Edward Callahan, assistant chief of the Bureau of Administration and Technology for the BPD, said the BPD had to cut 14 recruits from the original 84 students at the academy because the state only provided enough funding for 70. Since the original cuts, seven recruits have been accepted back into the academy after other accepted candidates withdrew their applications.
“We had 400 recruits at the start,” Callahan said. “Eighty-four made it through the screening process and passed everything required of them. There are occasions when we have too many candidates that pass the process. A much higher rate of candidates passed than we thought would.”
Although seven of the 14 recruits were accepted back into the academy, seven more are still trying to secure positions. Some of the hopeful recruits attended the meeting to appeal to the BPD.

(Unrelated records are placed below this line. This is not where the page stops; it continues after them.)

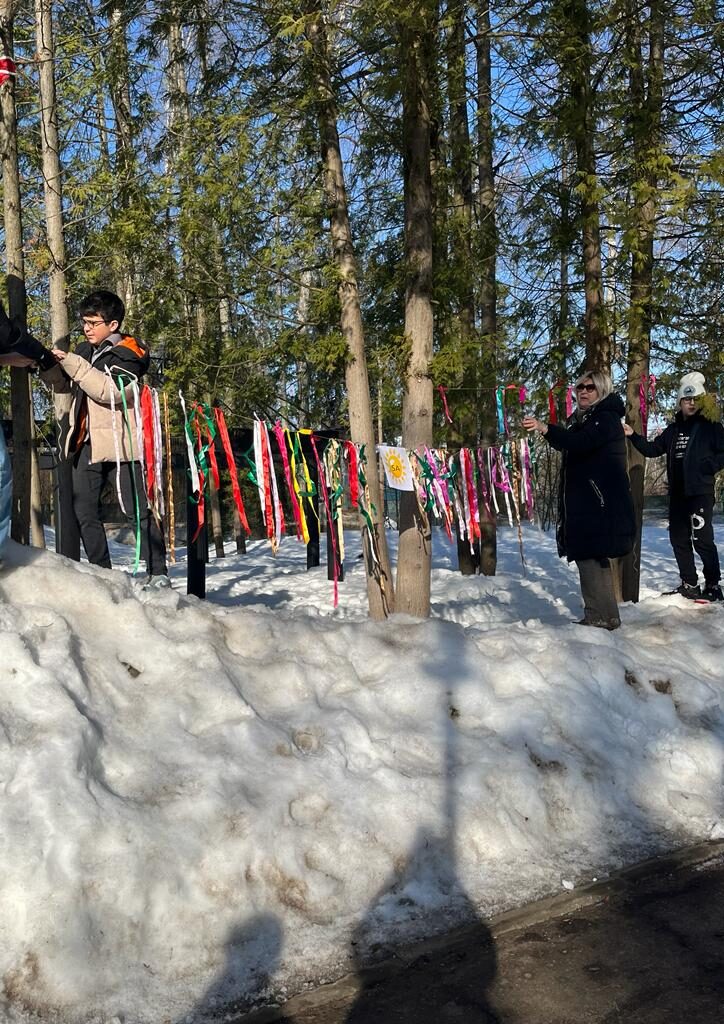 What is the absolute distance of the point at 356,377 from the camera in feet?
27.3

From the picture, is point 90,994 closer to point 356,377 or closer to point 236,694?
point 236,694

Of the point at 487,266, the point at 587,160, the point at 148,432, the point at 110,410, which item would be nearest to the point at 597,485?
the point at 148,432

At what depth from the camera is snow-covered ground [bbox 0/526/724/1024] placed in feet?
9.97

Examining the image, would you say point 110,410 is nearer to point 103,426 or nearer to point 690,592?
point 103,426

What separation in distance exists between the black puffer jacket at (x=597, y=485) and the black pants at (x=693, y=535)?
6.12ft

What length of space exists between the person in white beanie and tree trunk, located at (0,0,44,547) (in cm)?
481

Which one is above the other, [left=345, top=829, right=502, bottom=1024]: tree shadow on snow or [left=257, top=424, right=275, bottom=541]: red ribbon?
[left=257, top=424, right=275, bottom=541]: red ribbon

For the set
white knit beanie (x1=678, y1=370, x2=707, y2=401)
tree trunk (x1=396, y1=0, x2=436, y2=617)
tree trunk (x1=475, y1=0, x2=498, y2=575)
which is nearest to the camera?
Result: tree trunk (x1=396, y1=0, x2=436, y2=617)

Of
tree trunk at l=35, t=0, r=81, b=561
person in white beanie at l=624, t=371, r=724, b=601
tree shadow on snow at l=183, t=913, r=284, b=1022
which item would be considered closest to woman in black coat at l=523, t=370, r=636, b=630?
person in white beanie at l=624, t=371, r=724, b=601

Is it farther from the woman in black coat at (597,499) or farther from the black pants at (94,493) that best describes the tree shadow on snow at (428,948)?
the black pants at (94,493)

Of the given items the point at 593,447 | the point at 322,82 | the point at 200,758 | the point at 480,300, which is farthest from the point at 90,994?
the point at 480,300

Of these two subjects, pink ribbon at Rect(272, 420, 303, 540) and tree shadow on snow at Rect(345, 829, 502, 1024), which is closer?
tree shadow on snow at Rect(345, 829, 502, 1024)

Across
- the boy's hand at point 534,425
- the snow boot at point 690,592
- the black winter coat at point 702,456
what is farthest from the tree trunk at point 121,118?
the snow boot at point 690,592

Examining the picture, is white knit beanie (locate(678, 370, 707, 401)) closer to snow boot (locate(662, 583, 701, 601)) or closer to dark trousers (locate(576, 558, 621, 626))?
snow boot (locate(662, 583, 701, 601))
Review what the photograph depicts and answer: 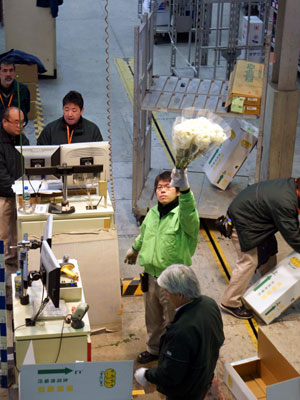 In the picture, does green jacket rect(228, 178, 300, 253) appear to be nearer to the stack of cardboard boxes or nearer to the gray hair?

“We were all concerned when 14 recruits were told that there were not enough resources to move forward,” said City Councilor Chuck Turner (Dorchester, Roxbury), who called the meeting.
As one of the seven recruits without a position in the academy, John Shaughnessy, a graduate of Northeastern University with a degree in criminal justice, told the committee he was stunned when he first learned he could not enter the academy.
“We were congratulated and got letters saying we were to attend orientation for the academy,” Shaughnessy said. “Then we were told there wasn’t enough money. We were crushed.”
Fellow recruit Matthew Spulnik expressed a similar dissatisfaction with the recruitment process.
“I was told that I was going to be offered a position in the class,” Spulnik said. “It was very embarrassing walking into my old job and saying that I needed my job back because the city didn’t have enough money.”
Chairman of the Committee on Public Safety Councilor-At-Large Stephen Murphy said the state is hoping for another group of 35 recruits to enter the academy in the fall class in October, but the seven recruits left over from the most recent class are not assured spots in the fall.
Callahan said that the recruits would be required to go through the entire application process again because the 180-day period that the recruits have to enter the academy upon completion of the testing process will have expired. Several of the recruits, as well as Turner, said they thought this is unfair.
Spulnik, noting the recruits’ displeasure with Callahan’s ruling, requested that the BPD observe a provision in the police academy rules that allows the department to make an exception to place the seven candidates at the top of the recruitment list in October. Callahan opposed the provision, saying it is only reserved for extreme circumstances.
Turner said that he plans to push hard to place the seven recruits at the top of the next class.
“The right thing to do is to bring these seven back,” Turner said.
Callahan said that some of the seven recruits may still be added if more of the accepted recruits chose not to attend the academy, but he also noted there is a Friday afternoon deadline for adding new members to the academy. Once the deadline passes, the recruits would have to repeat the process in the fall.